Use openhab@127.0.0.1 instead of openhab@localhost.
That solved the issue for me.

Unfortunately using 127.0.0.1 does not solve the issue for me.

Do any connections work? For example can you login and execute ls?

I ask because I thought the home directory for openHAB was not /home/openHAB? It will depend on openHAB install method though.

@Thedannymullen: I think I did not get your point…

If I understand my openHAB installation correctly, openhab is the user in whichs context the openHAB service is running. The account does not provide shell access. But I think accessing the Karaf console via SSH must be done with exactly that user.

I was asking if you copied your keys to the correct directory. I don’t believe The openHAB user Has /home/openHAB as the home directory.

Therefor when you try to ssh it will not look for the key in that directory.

1 Like

@Thedannymullen: you were right…

$ eval echo ~openhab
/var/lib/openhab2

So then I created a key in that home directory and added it to the authorized_keys file, whilst checking access rights:

/var/lib/openhab2# sudo -u openhab ssh-keygen -t rsa -f openhab.id_rsa
cat openhab.id_rsa.pub >>.ssh/authorized_keys

Access rights:

136384 4 drwx------+  2 openhab openhab    4096 Nov  3 10:38 .ssh
136389 4 -rw-------   1 openhab openhab     402 Nov  3 10:38 authorized_keys

As stated before, I added the public key to keys.properties, then again I tried to access the Karaf console:

sudo -u openhab ssh -p 8101 -i /var/lib/openhab2/openhab.id_rsa openhab@localhost

It still asks for password athentication.

Which password though? The karaf password or the sudo password?

You should get asked for sudo password unless you modified sudoers

As I’m executing in root context, it should be the Karaf prompt. The following should support this argument:

# sudo -u openhab ssh
usage: ssh [-1246AaCfGgKkMNnqsTtVvXxYy] [-b bind_address] [-c cipher_spec]
           [-D [bind_address:]port] [-E log_file] [-e escape_char]
           [-F configfile] [-I pkcs11] [-i identity_file]
           [-J [user@]host[:port]] [-L address] [-l login_name] [-m mac_spec]
           [-O ctl_cmd] [-o option] [-p port] [-Q query_option] [-R address]
           [-S ctl_path] [-W host:port] [-w local_tun[:remote_tun]]
           [user@]hostname [command]

Can you ssh into karat as you without a password? Setup required of courseZ. But it is not that hard.

@ceedee looking at it do you have your keys reversed?

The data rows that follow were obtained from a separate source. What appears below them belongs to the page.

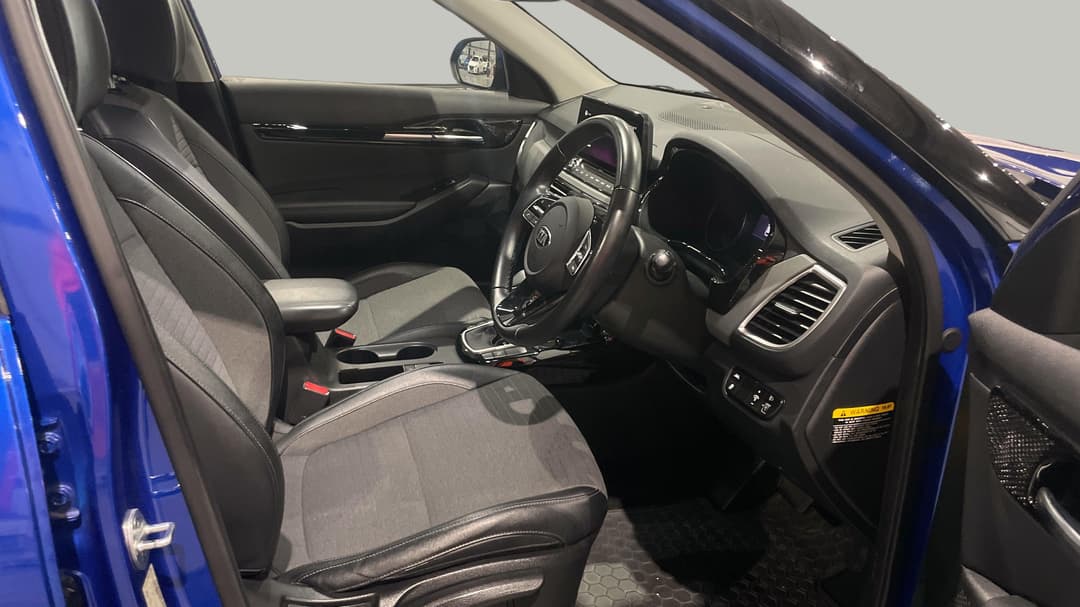 2020 Kia Seltos Sport+ (AWD), Automatic, 102205 km, Right Side Front Door Cabin View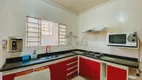 Foto 5 de Casa com 3 Quartos para alugar, 100m² em Parque Santo Antônio, Jacareí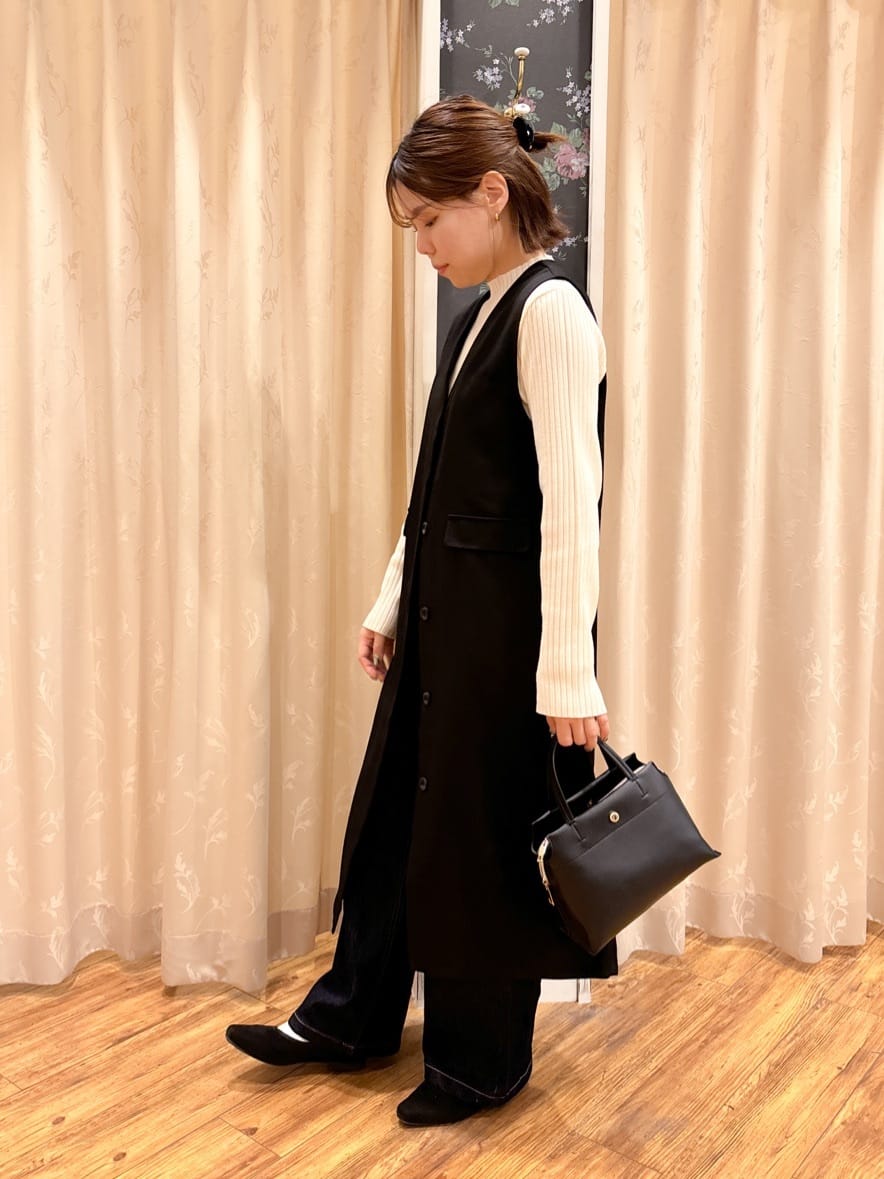 りぃさんの「SHOO･LA･RUE｜」を使ったコーディネート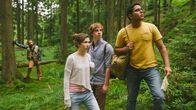 Armans Geheimnis – Jenny (Amina Merai), Tarik (Kaan Sahan), Dimitri (Matti Schmidt-Schaller) und Rudofos werden von Milena im Wald überrascht.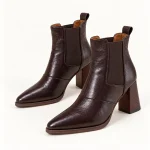 Bottines femme effet croco à bout pointu et talon carré sur fond blanc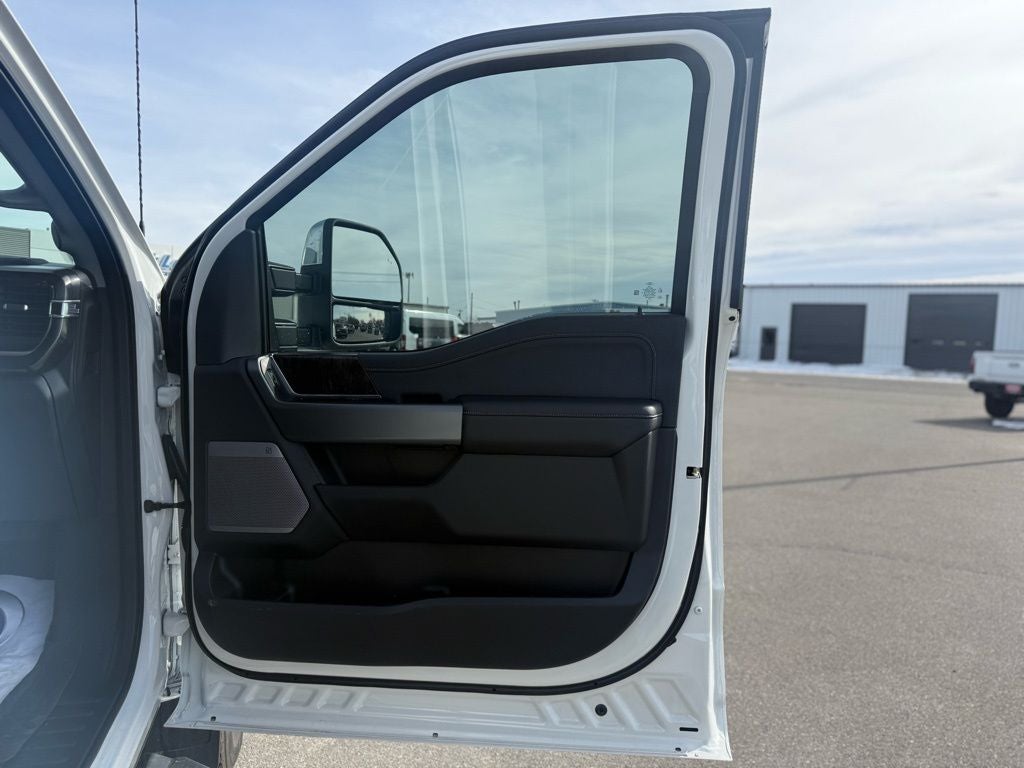 2025 Ford F-350SD Lariat DRW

When I want to auto login to my pi I do the following.

  1. Create the keys
  2. Copy the public key to the target host aka karaf in your case. authorized_keys
  3. Leave the private key in my home dir. named id_rsa

I am not sure if this topic has been solved already. But it took me a while to solve it. And now I can do some nice shell scripting with the console w/o login. The following ssh request is using the id_rsa.pub certificate, which is the default setting. If your certificate is called differently, use the second variant

`

ssh -p 8101 openhab@localhost "smarthome:...."
   *or*
ssh -p 8101 -i <path_to_public_certificate> openhab@localhost "smarthome:...."

`

The way forward is to add the public certificate information from the id_rsa.pub file into the /var/lib/openhab2/etc/keys.properties in the following way

openhab= <certifacte_data>,_g_:admingroup
_g_\:admingroup = group,admin,manager,viewer,systembundles,ssh

(The last line was already in my keys.properties file.)

Old topic, but i have an issue now. I used to habe multible lines with openhab as user in my keys.properties file. Since Openhab3 only the last line will be accepted the others wont work anymore. Different keys per application:

#karaf=AAAA11111111111111,_g_:admingroup
# Container talks to itself:
openhab=AAAA222222222222,_g_:admingroup
# Docker01 2020-04-21
openhab=AAAA333333333333,_g_:admingroup
# Docker02 2020-04-24
openhab=AAAA444444444444,_g_:admingroup
# Putty
openhab=AAAA555555555555,_g_:admingroup

_g_\:admingroup = group,admin,manager,viewer,systembundles


Is it possible to separate two public keys by comma ?
Like:

openhab=AAAA222222222222,AAAA333333333333,_g_:admingroup

Just for the record: I moved on to a more radical solution and reboot my openHAB system in case I detect problems in a monitoring job (which watches out for OOM situations).